The daughter of a colleague was beaten within an inch of her life just blocks away from where I am staying only a couple years ago. Yet, on the corner of Sherbrooke and Aylmer, the vibe still feels safe to me, a gawky skinny kid in an old guy's body who cannot help trusting everyone unless proven wrong. And the knowledge that I might be wrong and it could cost me dearly only adds to the spice as I saunter along with a short Cuban cigar (a dangerous past-time in itself) clenched between my teeth late in the evening.

The linguistic tensions that felt so urgent two decades ago are largely gone. Perhaps it's part of a post-modern "reality" that makes our Trudeau-era politicians seem so out of touch with my children's lives and experience. Or, more likely (to my mind), it was a mid-twentieth century construct to keep the votes coming. Today, the languages I hear on the street--equal amounts of Creole, Chinese,  Korean, Japanese, French and English (to name the few I recognize) are just remnants of who each of us was; not who we can or will be. And this city oozes with possibilities; just screams the potential of the future.

I met an eighty-something year old in the elevator tonight. He was holding pamphlets published by school boards from across Canada in his hands. He asked "are you attending this conference?"

"The one with education communicators from across the country?" I asked.

"Yes," he replied. "I'm a literacy volunteer from the US, in a neighbourhood with close to 70 percent adult illiteracy...this stuff is wonderful." It was an accidental encounter that perhaps will make a bigger difference to some unknown person's life than a whole career of intentional acts.

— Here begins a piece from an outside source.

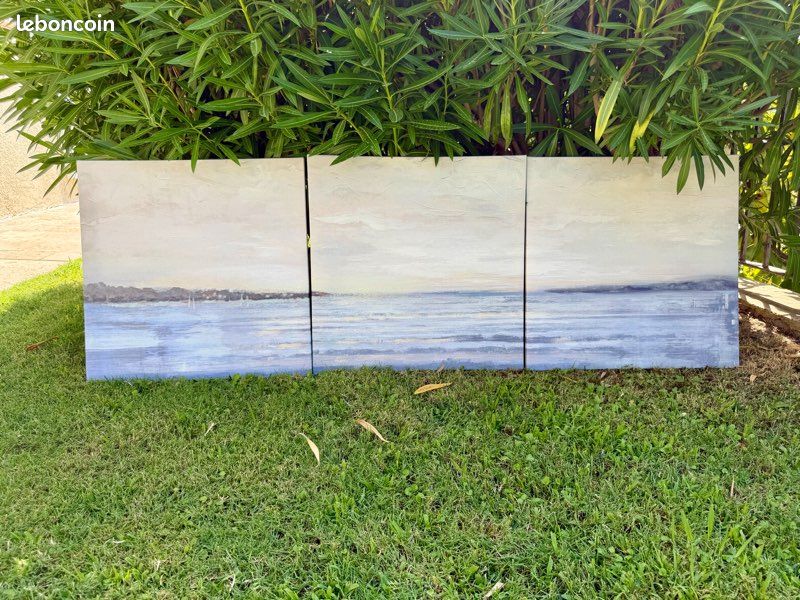 Triptyque IKEA PJÄTTERYD Paul Duncan – paysage marin – 3 toiles 56 x 56 cm (image 1)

If you believe in accidents rather than the old-fashioned idea of destiny, it was a life-affirming encounter.

Personally, I think too much evil has been done in the name of destiny. I believe our children have it right when they live each day as if there was just now, as if each minute was only a gift that should not be wasted.

And Montréal, despite the recent brutal economic conditions, despite whatever harsh realities, still emits a joie de vivre that is there for anyone who has the time to stop, take it in and breathe deeply. Old guy, breathe as deeply as you as you can.